Practical CNC Joinery Part 1 - Finger Joints
This is part one of our tutorial series entitled "Practical CNC Joinery." In Part 1 of the series we will be discussing Finger Joints.
In this video we will demonstrate practical CNC wood joinery (practical meaning that there will be no need for special jigs).
The material will be 3/4" sheet stock and the parts will be milled using a 3 axis CNC machine (Our greenBull).
We will start with a simple joint, a finger joint. This joint - as it's name implies - is a joint that exhibits protrusions that measure the thickness of the wood, so that when put together, the corner is flush.
Both pieces of wood will have these protrusions offset from each other so they both marry correctly. The aim is to make the fingers sized so that they are snug, but may allow some wood glue to be added to secure it permanently.
The finger joint will not lock together unless the joint is very tight, but even with a tight fit, the joint (without glue) is not permanent. AutoCAD was used to design the pieces. The pieces are small to demonstrate the joint specifically. The joint is four inches wide with fingers one inch each.
The sheet stock that we used actually measured .755 so we wanted to go a bit farther than .755 so it could compensate for the corner. We used .757 for all of these fingers. We then had four inches of width and the fingers protruding out .757 and each finger one inch wide. We took that same piece and rotated it 180 degrees. First we joined all the lines to create a polygon. Then we copied it and rotated it. Normally we would put a bit of a tolerance between the finger and make it a little bit thinner, but for the time we kept it at zero to see if the wood was forgiving enough to do this, if not we would need to add a thousandths of an inch displacement.
The inside corners are not going to be perfectly square because we used a bit that is round. The bit had to do an overcut to be able to marry flat to the adjacent corner. This is also a good place for some glue to sit to provide added strength. The rounded corner also provides a relief for any stress at the corner, or stress cracks that could arise.

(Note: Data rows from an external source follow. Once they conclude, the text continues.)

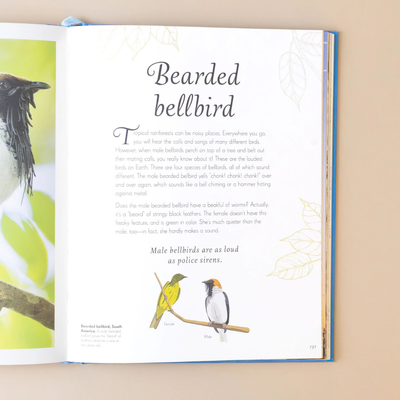 Anthology of Birds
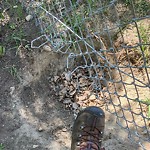 Fence Concern in a Park at 2024 60 St SE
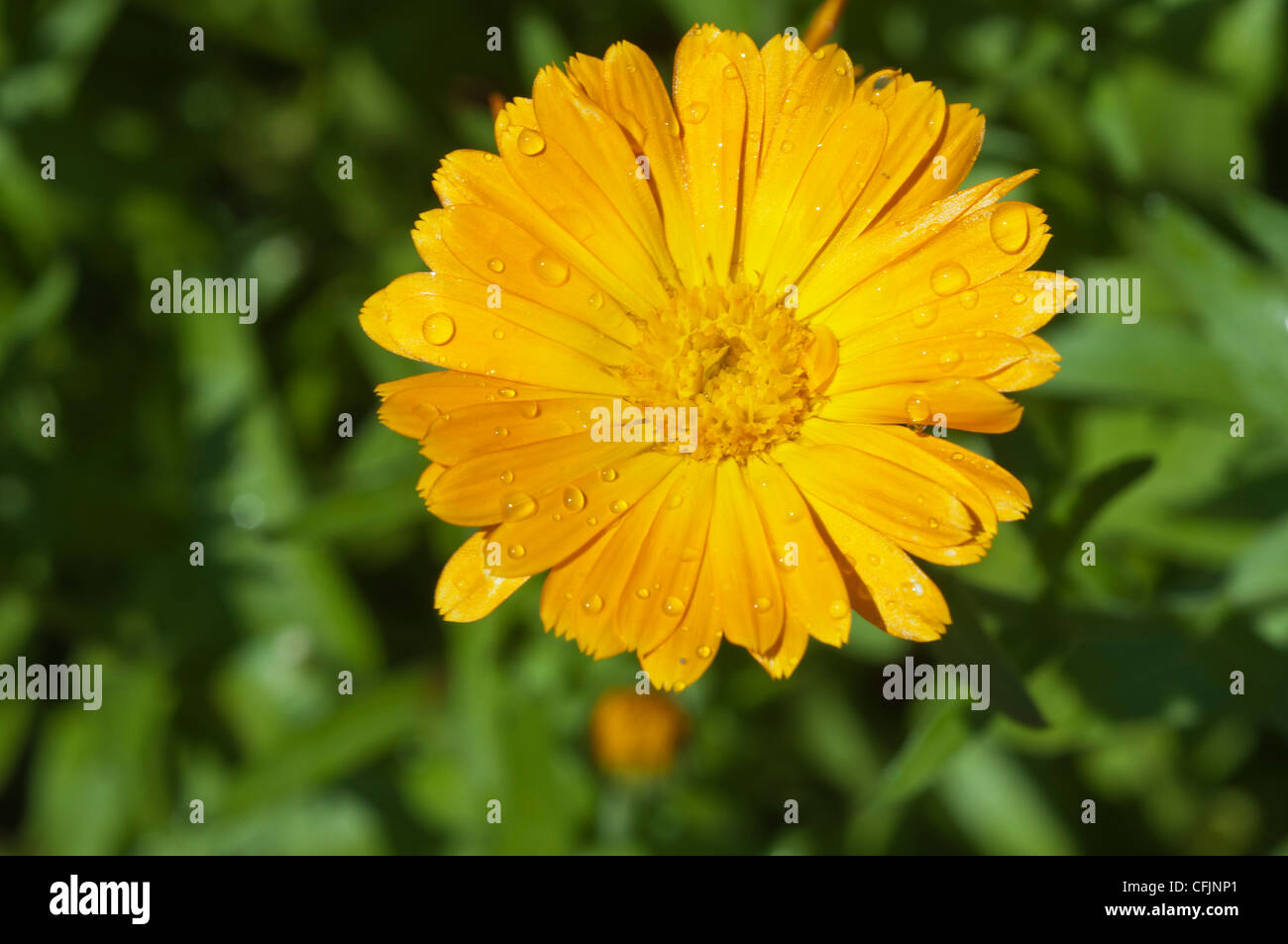 Gelbe Blume Nahaufnahme von Ringelblume, Calendula Officinalis Var Orange Zinger Stockfoto
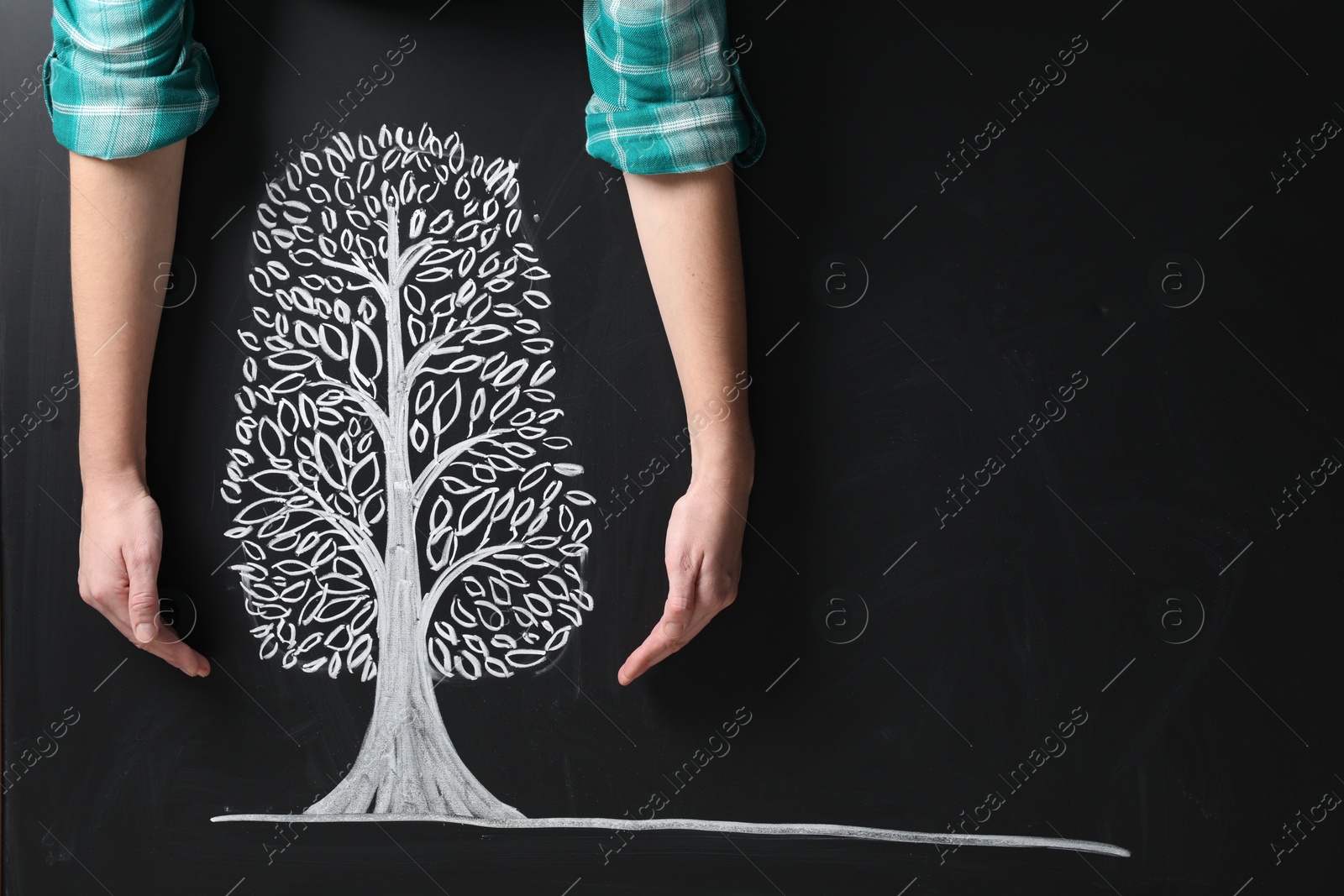 Photo of Woman keeping safe tree drawn on chalkboard, closeup. Space for text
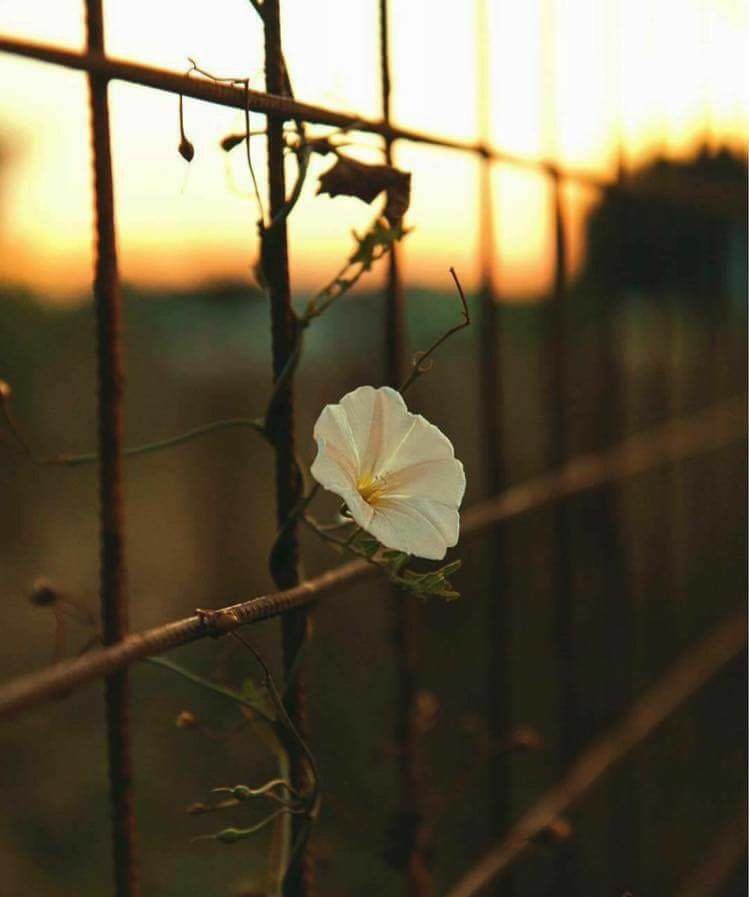 كُن قوياً لأن الله معك، غنياً لأن الله رازقك، مُنشرح الصّدر لأن الله وليُّك فلا تهتم ولا تغتمّ ولا تحزن ثِق بالله دائماً وابداً.. صباح الورد 🌻

#ورده_Wardeh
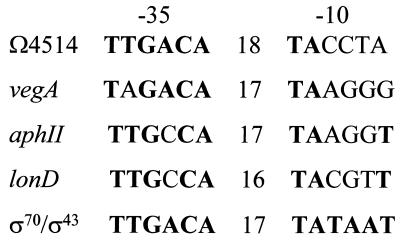 FIG. 10.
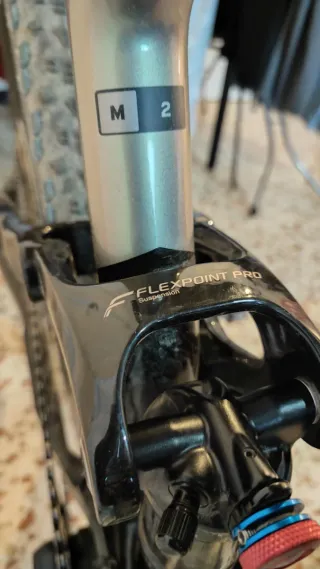 Bici MTB 29" Giant Anthem Advanced Carbono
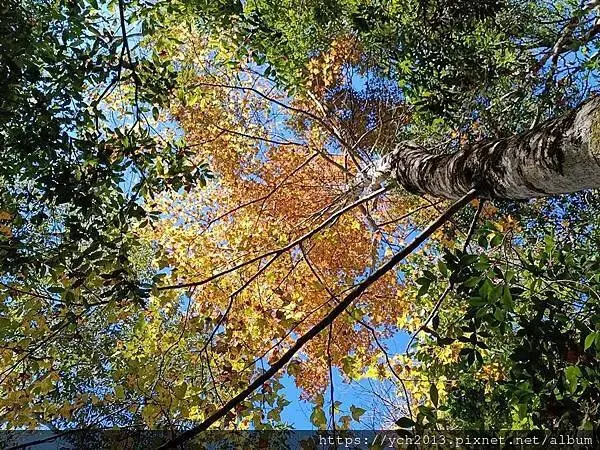 2025第一爬／新竹尖石養老段霞喀羅古道至白石吊橋巡楓趣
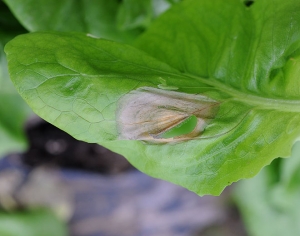 La esporulación de <b> <i> Botrytis cinerea </i> </b> es visible localmente en esta gran lesión húmeda en la hoja de lechuga, cuyo color es de beige a pardusco.  (moho gris).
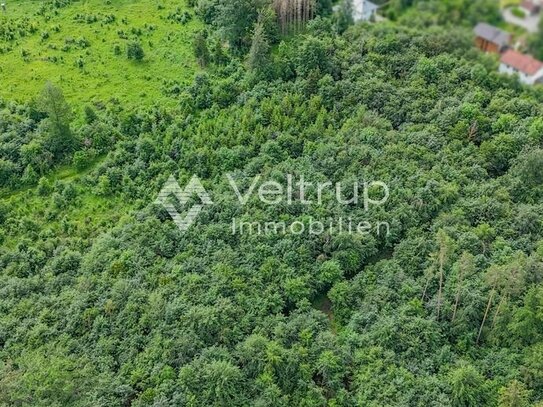 KUCKUCK - GEPFLEGTES WALDGRUNDSTÜCK IM RAUM WÖRTHSEE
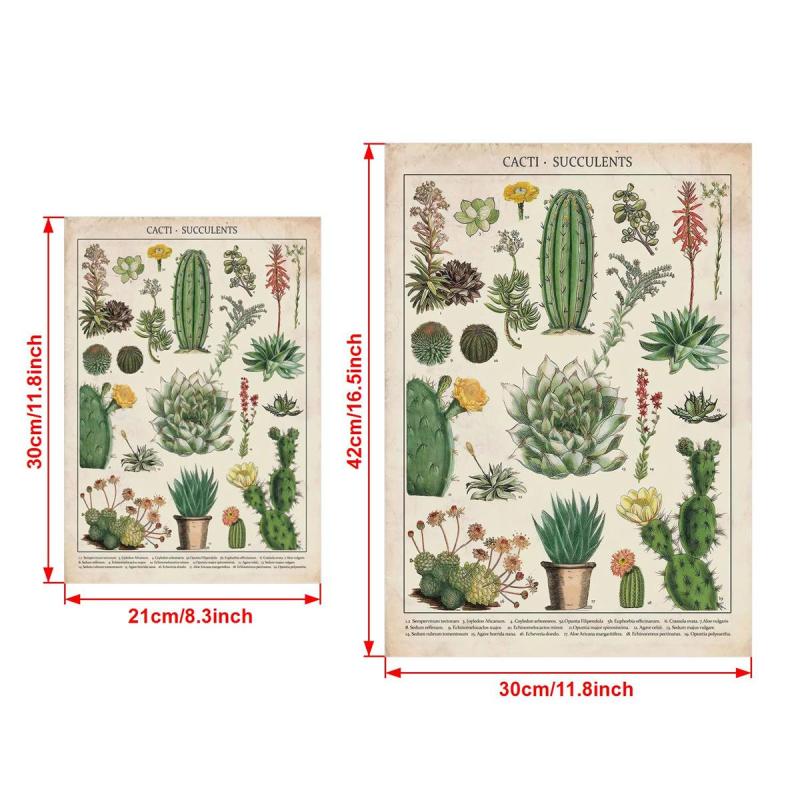 Watercolor Cactus Botanical Chart Poster Canvas Print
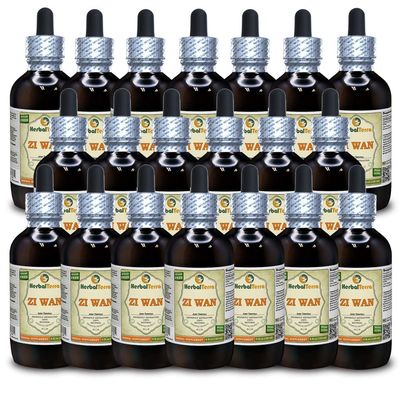 Zi Wan, Purple Aster (Aster Tataricus) Tincture, Organic Dried Root Powder Liquid Extract (Brand Name: HerbalTerra, Proudly Made in USA) 20x4 fl.oz (20x120 ml)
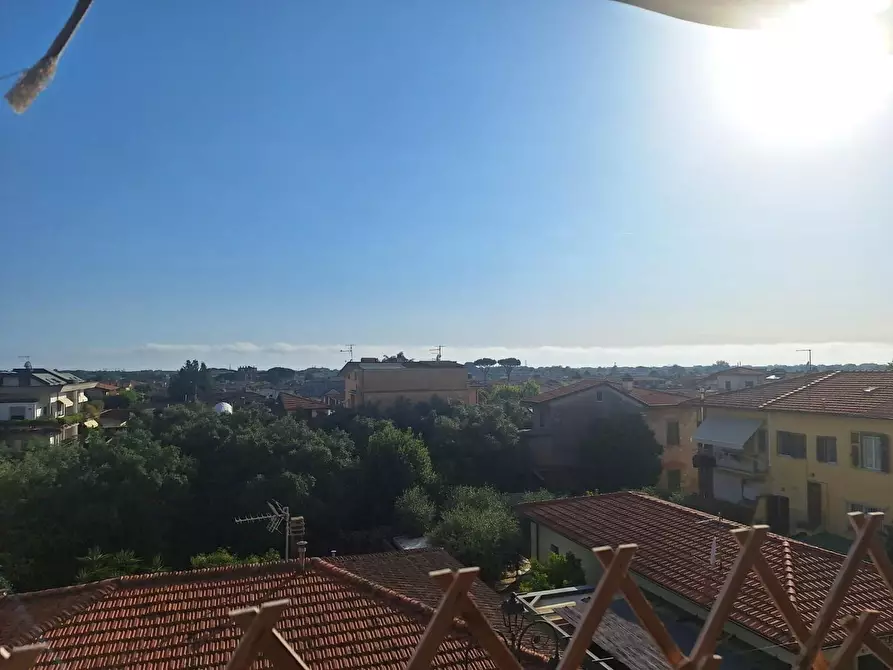 Immagine 40 di Appartamento in vendita  a Seravezza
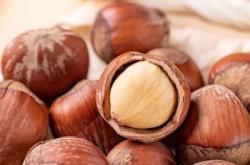 赤峰榛子干果批發(fā)電話多少號(hào)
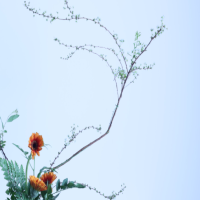 插花的五个步骤是什么？现场插花的五种技巧？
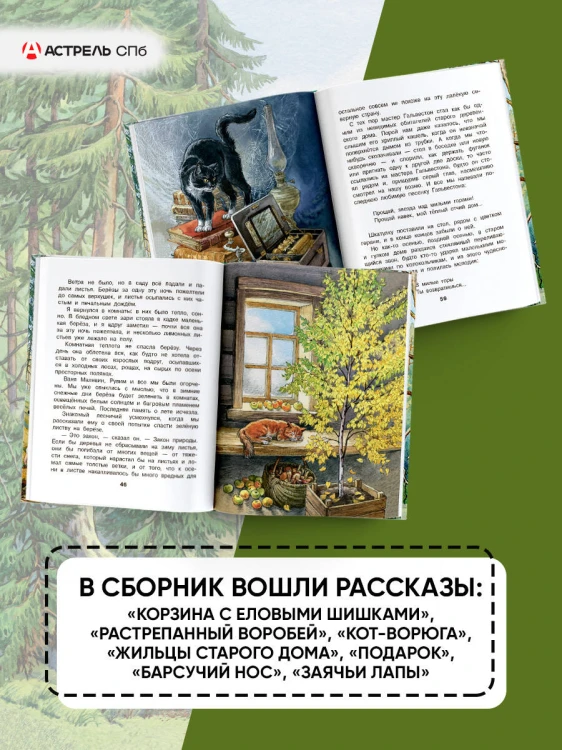 Корзина с еловыми шишками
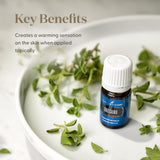 Diffuseur avec Origan Young Living crée une ambiance aromatique naturelle.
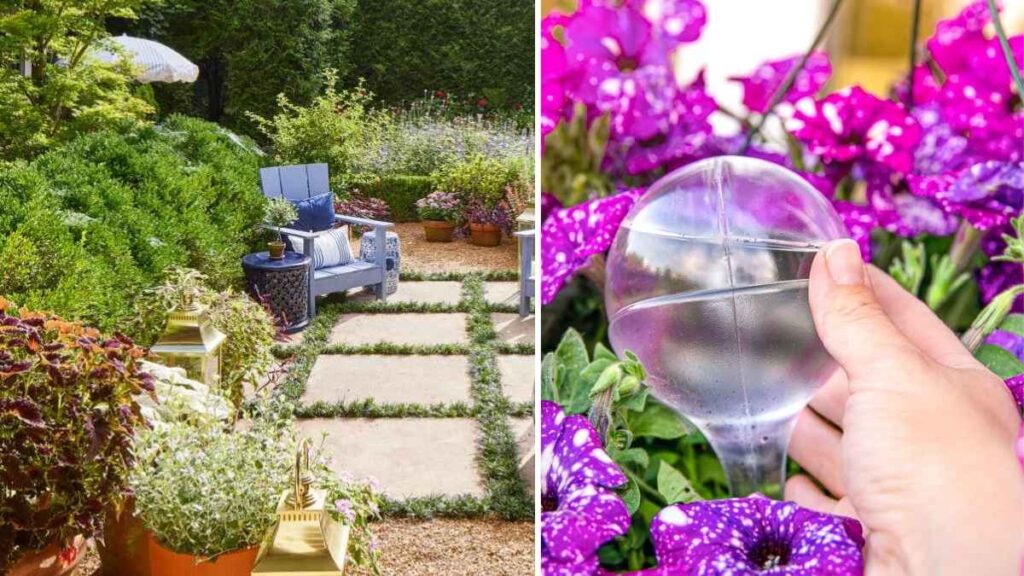 How to Maintain a Thriving Garden During Vacation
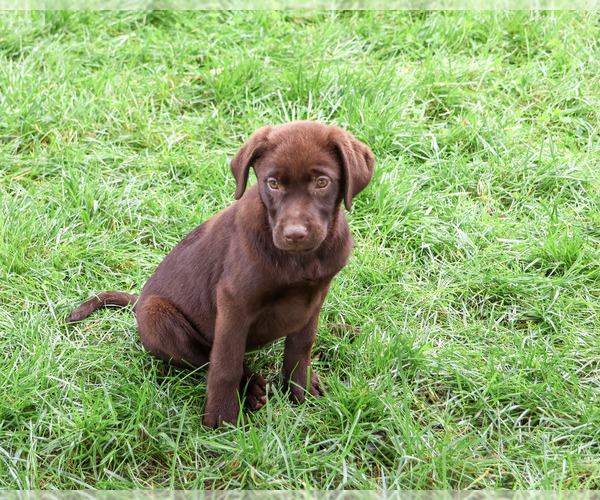 Medium Photo #3 Labrador Retriever Puppy For Sale in SYRACUSE, IN, USA
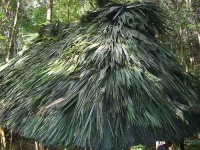 image of thatch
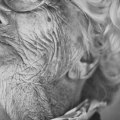 What is the most common type of elder abuse?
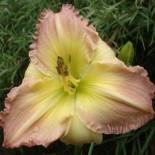 Hemerocallis 'Honey Jubilée'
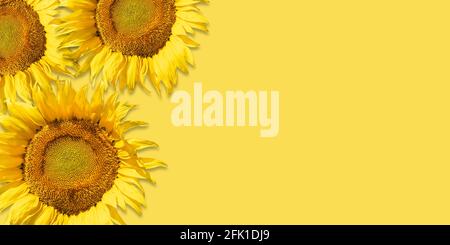 Common sunflower, Helianthus Annuus. Top view of bright sun flowers on yellow summer background. Stock Photo
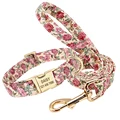 Beige collar leash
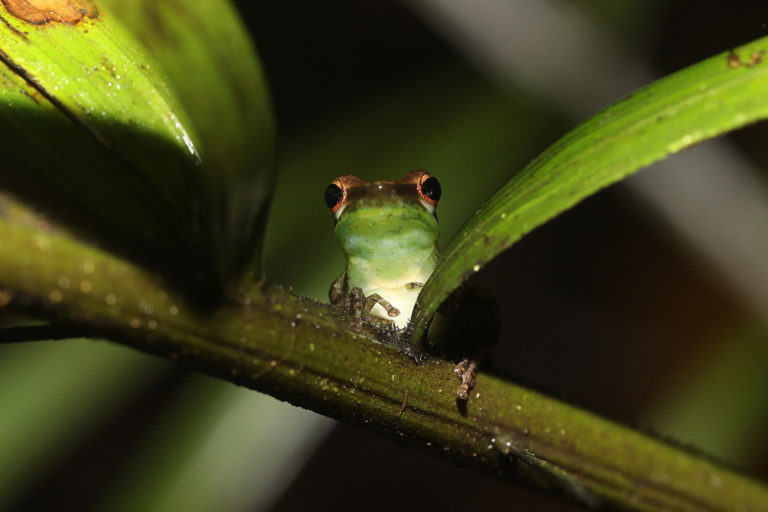 A frog in Peruvian Amazon.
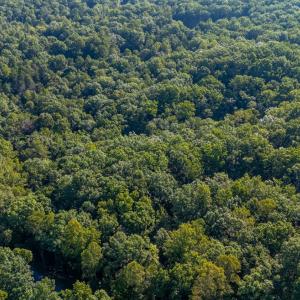 Photo #27 of Smoky Hollow Rd, Lynchburg, VA 5.5 acres
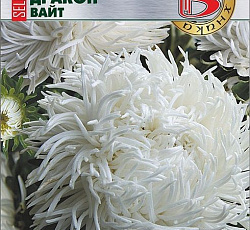 Астра китайская Дракон селект Вайт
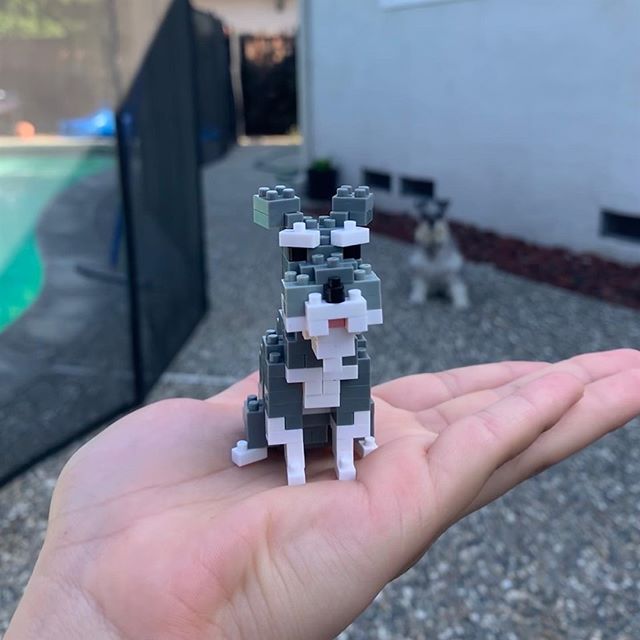A Schnauzer lego toy in the hand of a woman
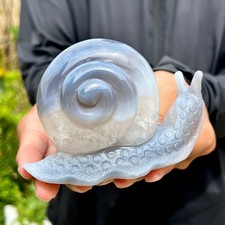 350G Natural Agate Hand Carved Snail Crystal Healing Stone Decor With Stand picture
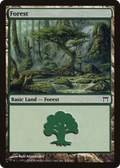 Forest (304) (CHK-304) - Champions of Kamigawa Foil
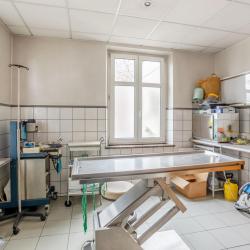 Clinique Vétérinaire Argos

Now we want to input the file in our CAM program to establish the machining operations. Save it as a DXF file. We'll be using CAMBAM for this. Once you have the two selected, create a roughing and finishing profile. We use styles to do this so we don't have to keep adjusting the parameters. Our roughing pass will have a clearance of .01 so when it comes to the finishing it will just shave off that little bit of material. We only want two holding tabs on these so we select both of them and change our holding tabs to minimum of two. The roughing pass actually does two passes and then the finishing pass does a single pass, just shaving off a little bit of material at the end. It will also do the overcut, and you can see inside the profile under the parameters that corner overcut is true, so this is an automatic machining operation that CAMBAM provides.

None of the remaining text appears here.